Quando eu tinha 18 anos, apaixonei-me por Renée. Não poderia haver amor mais platônico. Desde a primeira visão que tive dela, era como se Renée levitasse no ar — e, nessa sua leveza sem gravidade, anulasse também todo o peso do mundo. Quando me afastava de Renée, tudo voltava a ter peso, mas essa volta era lenta e, por breve momento, mais suportável aos meus ombros de rapaz que saía da adolescência. Foi um amor que durou três anos. Até que a sua leveza já não era mais suficiente para me despregar do chão. Despedi-me, prometendo voltar, mas foi mais uma promessa que não consegui manter, a primeira de tantas outras.

Renée era de uma loirice que se rendia ao castanho, em cabelos que iam até a nuca do seu pescoço de cisne. O seu rosto alongado lembrava o formato de uma máscara africana. Os olhos verdes estavam sempre marejados, mas a sua expressão não era propriamente de tristeza. Eram de compaixão pelos meus sustos com uma vida que se desvelava, desde cedo, tumultuada. Eu era um jovem aturdido e Renée compreendia que assim fosse. O meu refúgio eram os seus olhos verdes, marejados, compassivos, emoldurados por sobrancelhas tão altas quanto finas.

Ela usava uma pequena cruz de ouro amarelo, em corrente que dava duas voltas no pescoço e parecia cindir a sua cabeça do corpo igualmente alongado, como se Renée se quisesse busto. No início, era intrigante que figura tão leve usasse símbolo de algo tão pesado, mas não demorou para que eu me desse conta de que era natural que assim fosse. Ilustrava o fato de Renée ser capaz de fazer o mundo e todas as cruzes que o povoam entrarem em estado de suspensão. Ocorreu-me ainda que havia ali uma referência metafórica ao seu nome — o equivalente em francês a Renata, renascida.

A boca bem desenhada de Renée era o verdadeiro contraste com o resto da sua figura. Senão lasciva, tinha um vermelho de imensa força gravitacional. Era promessa de outra Renée que existia no seu interior, mas fora subjugada pela leveza que lhe era destino.

Os nossos encontros eram na Avenida Paulista, que neste 7 de Setembro mais uma vez será palco de manifestações. Renée estará lá, eu sei, levitando sobre o ruído, a violência e a vulgaridade, como de hábito. Ela nunca sai de lá. Foi pintada por Modigliani, em 1916, e faz parte do acervo do Masp. Talvez outros jovens tenham se apaixonado por ela depois de mim. Não tenho ciúme.
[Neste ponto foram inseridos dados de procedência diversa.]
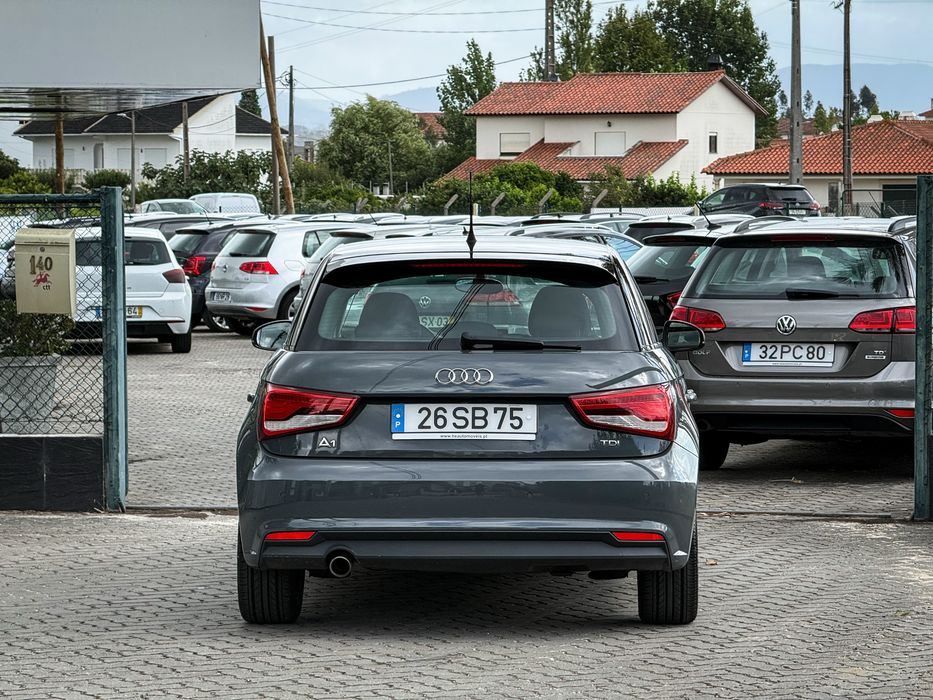 Audi A1 Sportback 1.4 TDI Sport Line — photo 4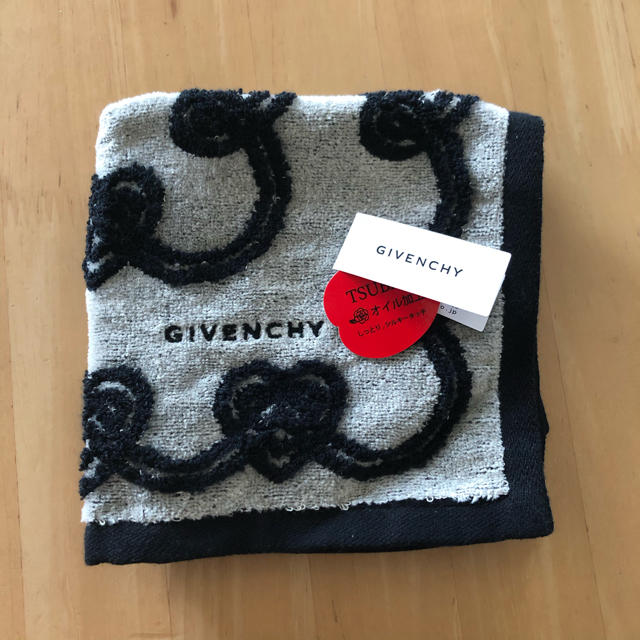 GIVENCHY(ジバンシィ)の新品  ジバンシィ タオルハンカチ レディースのファッション小物(ハンカチ)の商品写真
Deparei-me algumas vezes com o fantasma do seu criador, no Jardim de Luxemburgo. Em todas as ocasiões, convidei-o a sentar-se na cadeira ao lado, mas Modigliani se esquivou, duvidando de que não se precisava mais pagar para ocupar uma delas, e preferiu sentar-se num dos bancos desde o início gratuitos, bem longe de mim. Era num desses bancos que ele passava horas idílicas com a poeta russa Anna Akhmatova, que contou: “Modigliani era tão pobre que, no Jardim de Luxemburgo, ficávamos sempre sentados num banco, e não em cadeiras pagas, como era de praxe. Ele não se queixava nunca, nem da pobreza tão evidente, nem da não menos evidente falta de reconhecimento. Somente uma vez, em 1911, ele me disse que, no inverno anterior, estivera tão mal que não podia sequer pensar naquilo que lhe era mais caro”.

Eu apenas queria agradecê-lo por Renée. Ele não me deu chance. Entendo. Anna Akhmatova escreveu que Modigliani “parecia rodeado pelo círculo apertado da solidão”. Espero que Renée tenha lhe feito companhia durante certo tempo, como fez a mim.